China has decided to put the brakes on exports of so-called "0 km used cars," which have increased amid bloody competition among automakers. A 0 km used car is technically a new car, but after going through a formal registration process upon release, it is sold immediately as used.
According to Caixin and other Chinese media on the 16th, China's Ministry of Commerce, the Ministry of Industry and Information Technology, the Ministry of Public Security, and the General Administration of Customs (Customs Service) announced on the 14th a "notice on strengthening the management of used car exports" containing these measures. The policy takes effect on Jan. 1 next year, with a grace period until then.
The reason 0 km used cars have rapidly increased is that the number of automobile brands has swollen to dozens under the authorities' strategic nurturing. As competition overheated, new car production exceeded domestic demand in China, and inventories have continued to pile up in recent years.
According to official data from the China Association of Automobile Manufacturers, from January to October this year, China's auto production reached 27,692,000 units and sales reached 27,687,000 units, both up more than 10% from a year earlier. Of these, new energy vehicles (electric, hydrogen, and hybrid) recorded production of 13,015,000 units and sales of 12,943,000 units. Caixin noted, "0 km used cars first pioneered sales channels overseas and were one of the avenues for Chinese automakers to ease inventory and overproduction pressure."
0 km used cars increased from 15,000 units in 2021 to 436,000 last year. This year, the number is expected to exceed 500,000. However, China does not have official statistics showing the export situation of "0 km used cars."
The problem is that exports of 0 km used cars do not include separate after-sales service (A/S). As a result, they can easily draw consumer complaints and damage the image of the brand and the reputation of China's auto industry. Caixin reported that, for this reason, rumors have circulated in the industry for months that Chinese authorities were preparing countermeasures.

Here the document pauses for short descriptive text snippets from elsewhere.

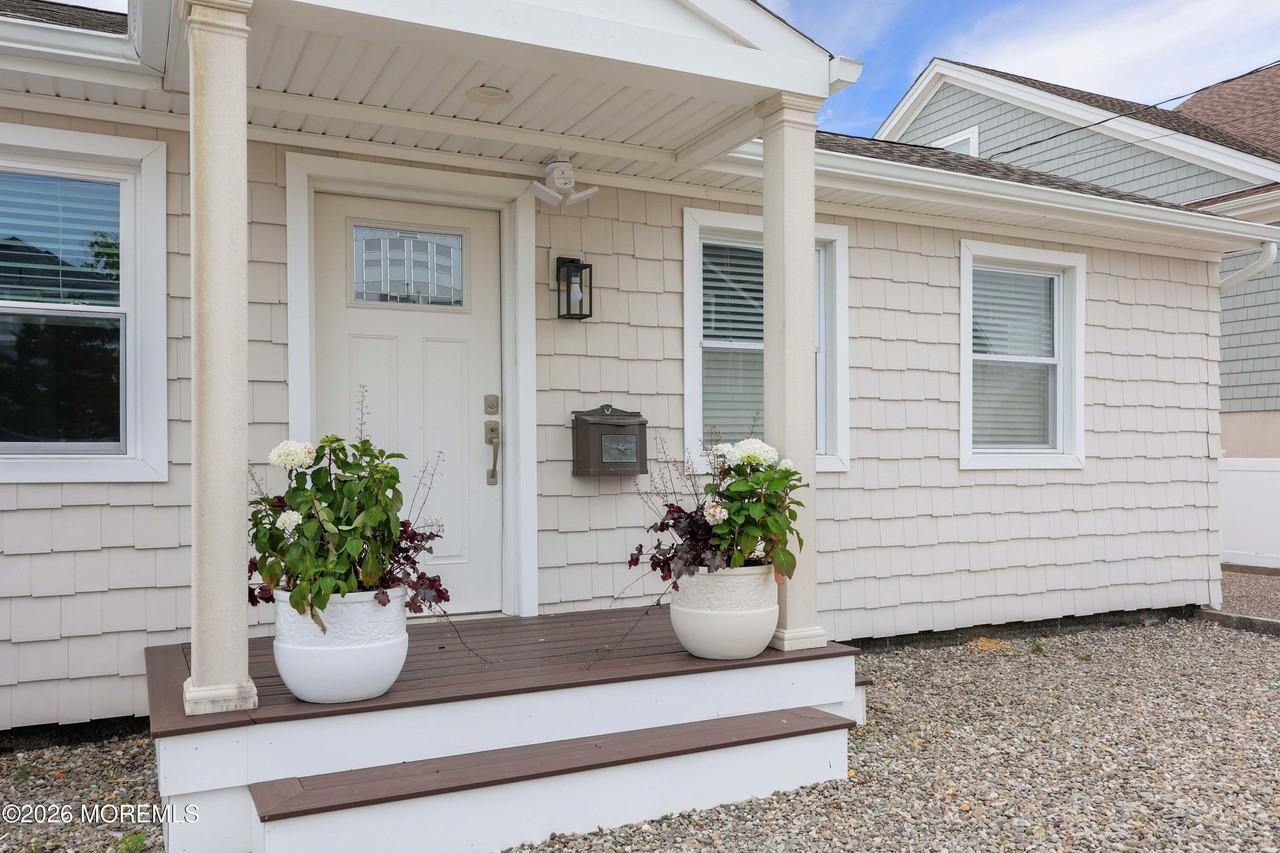 447 Tunney Ave - Photo 4 of 29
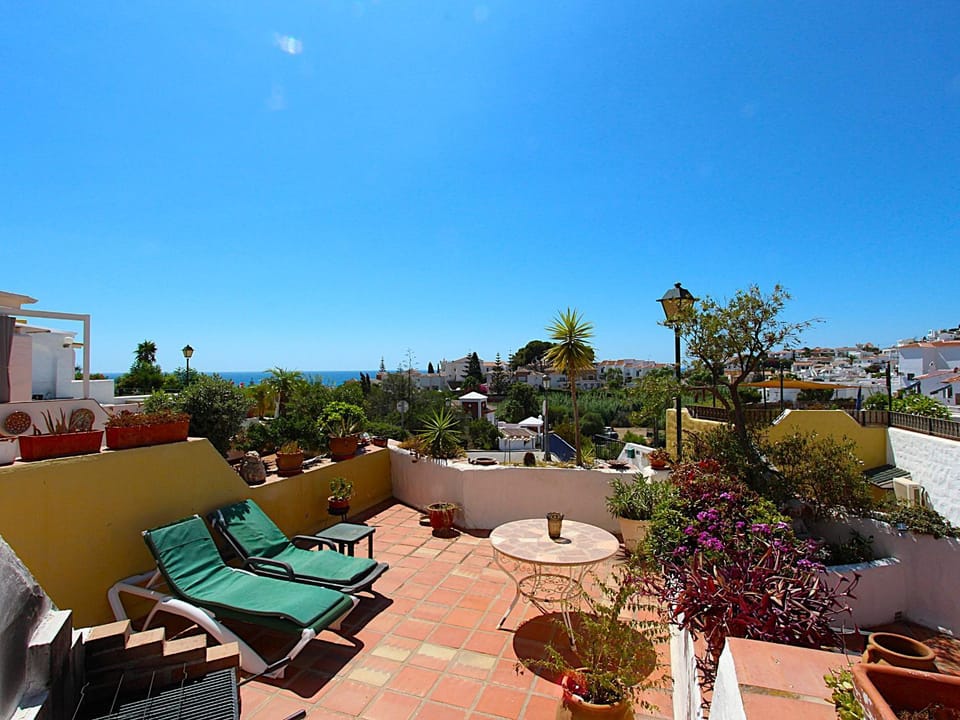 Patio, Day, Natural landscape, View (from property/room), Balcony/Terrace, Seating area, Sea view, sunbed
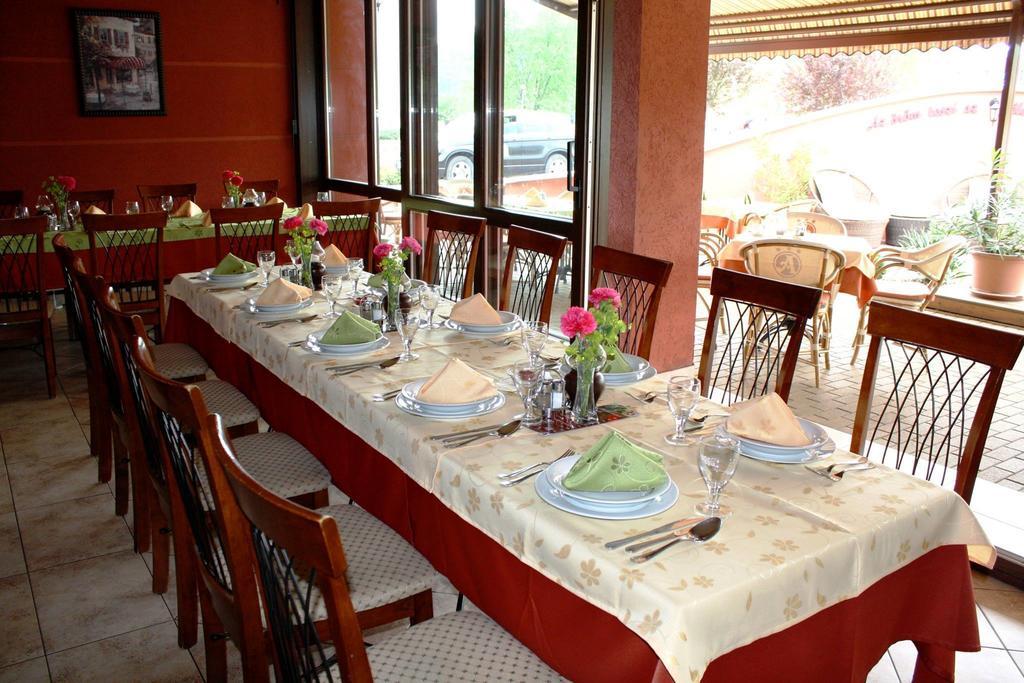 Bed & Breakfast Ambrozia Etterem Es Panzio 4*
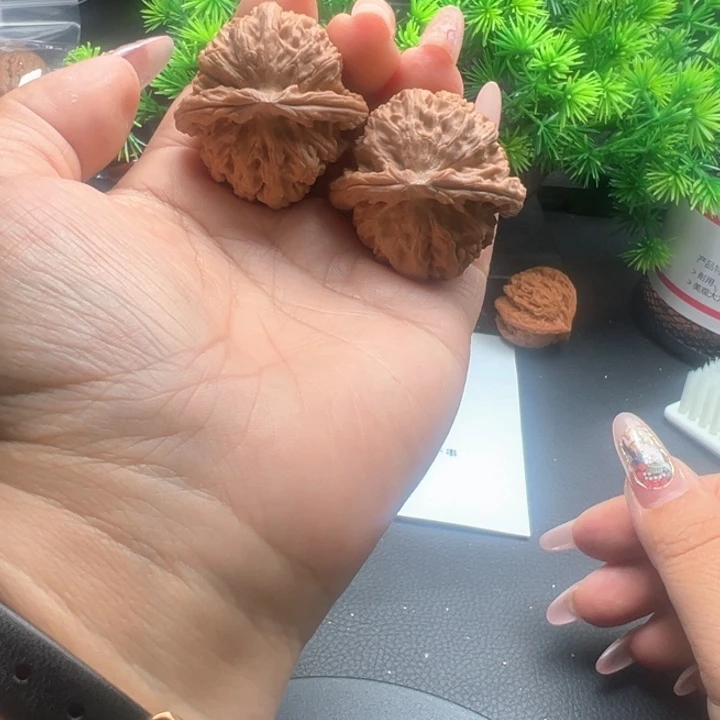吊坠猴头核桃白狮子全品39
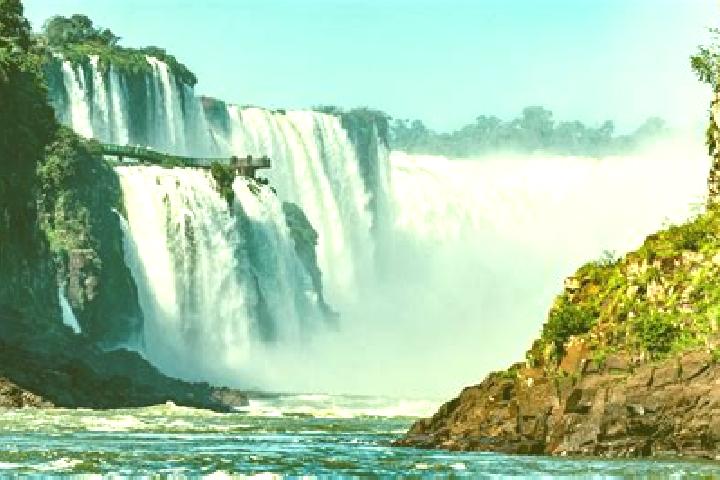 Escorts Sao Miguel do Iguacu, Brazil — Local Companions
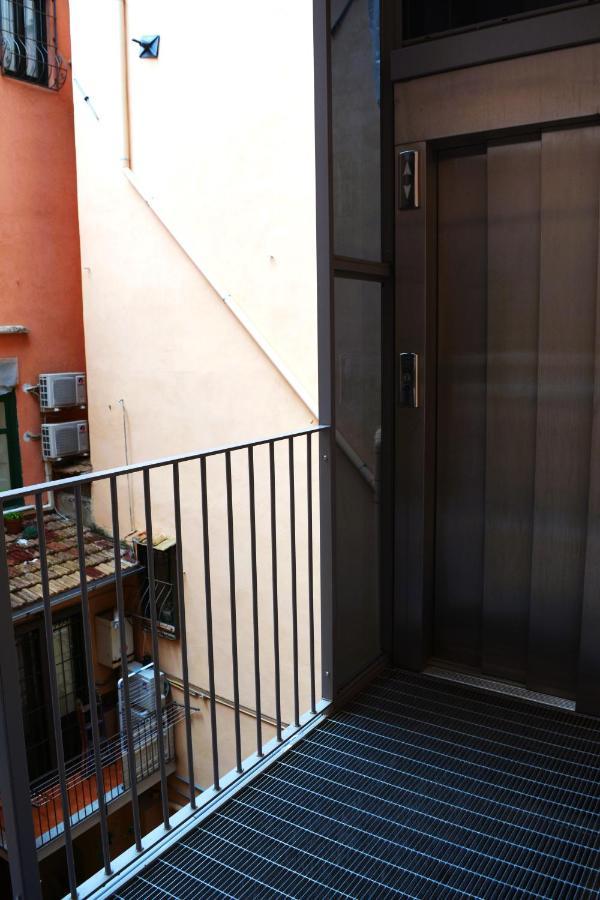 Appartamento Porta Felu Salerno Esterno foto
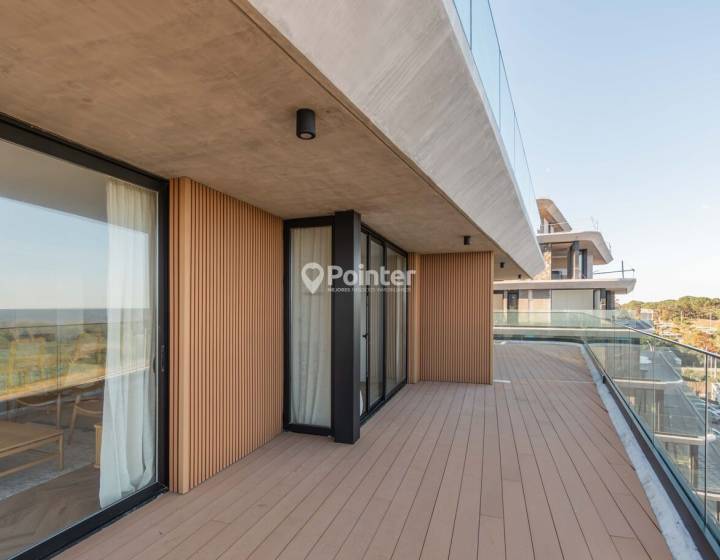 Apartamento 3 dormitorios a estrenar con vista al mar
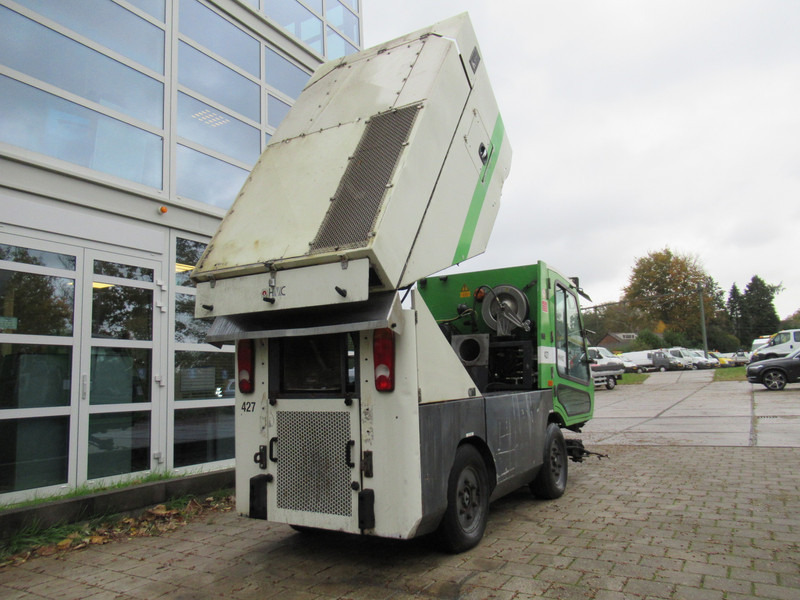 TENNANT HMF 214 Veegmachine, DEFECT / FOR PARTS - Подметально-уборочная машина: фото 5 TENNANT HMF 214 Veegmachine, DEFECT / FOR PARTS - Подметально-уборочная машина: фото 5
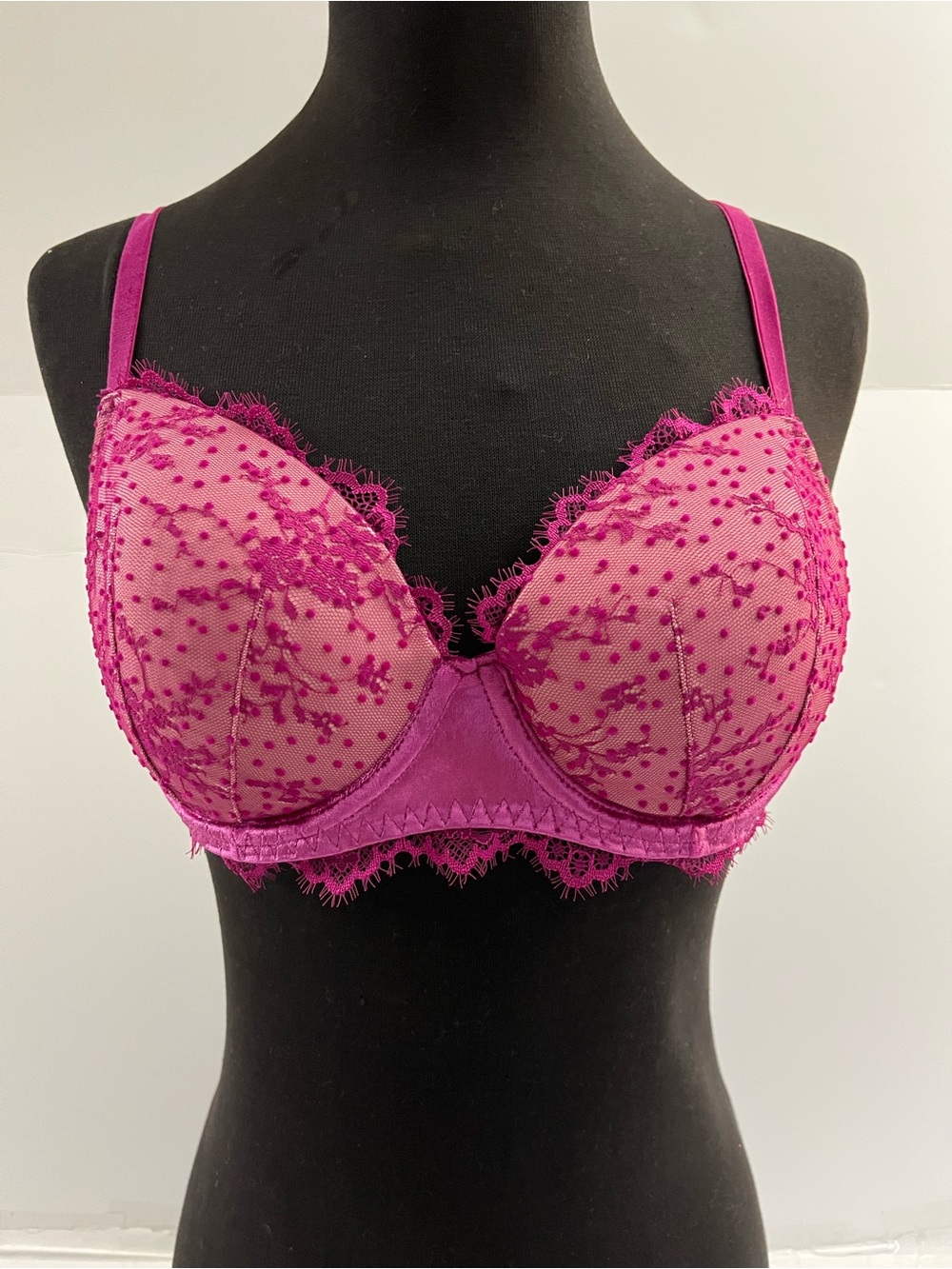 Victoria's Secret Fuchsia Pink Lace Underwire Bra
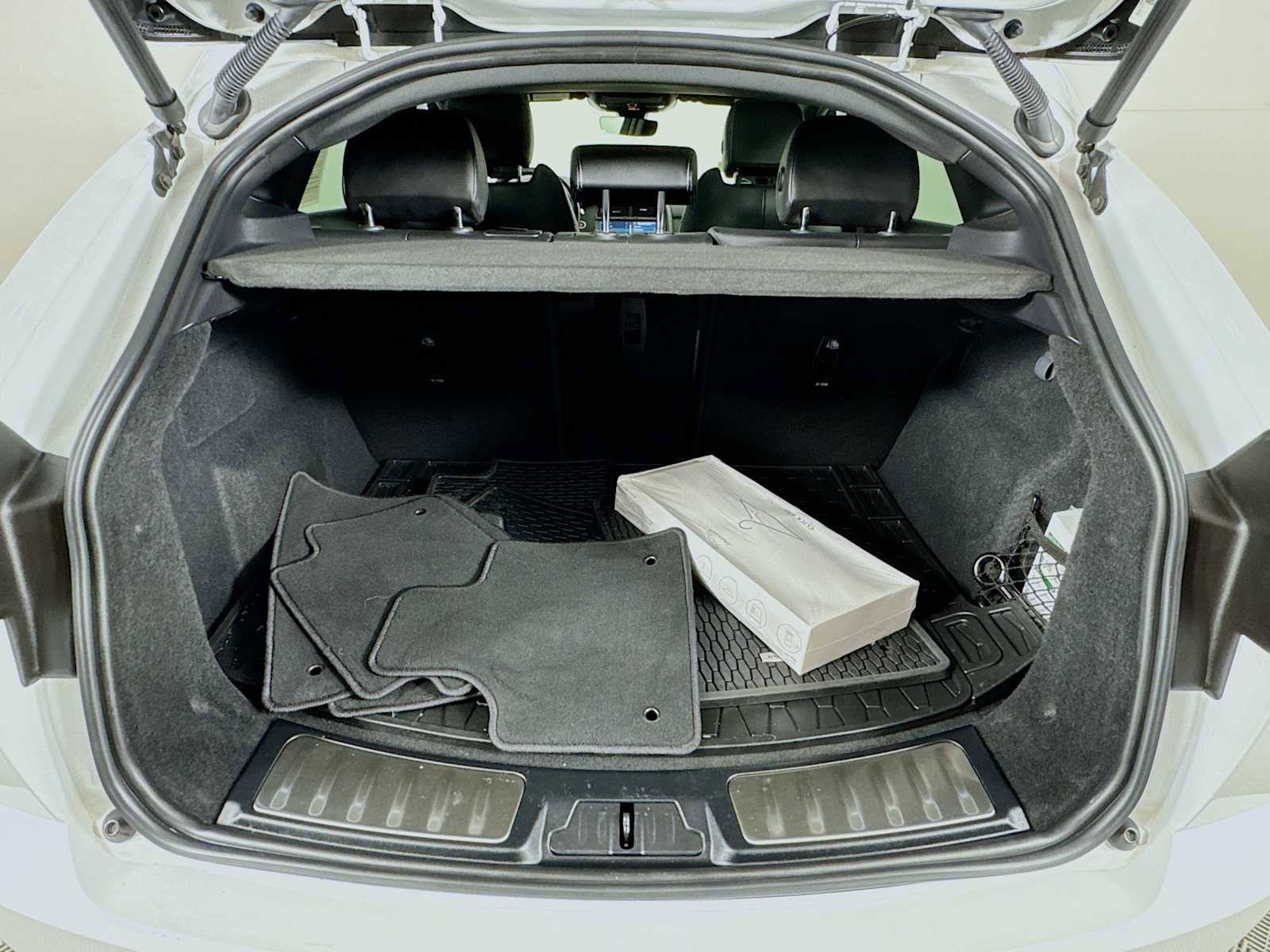 Used 2024 Jaguar E-PACE R-Dynamic SE image 26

The newly announced policy does not impose an outright ban on exports but significantly tightens the conditions. Going forward, exporting 0 km used cars will require the consent of the automaker.
Li Huai, chief executive officer (CEO) of Highsunche Technology, told Caixin, "'0 km used cars' are a product of self-defeating competition," adding, "Chinese automakers are facing survival pressure, and because production volume is the most important indicator guaranteeing market status, they have little choice but to blindly increase it."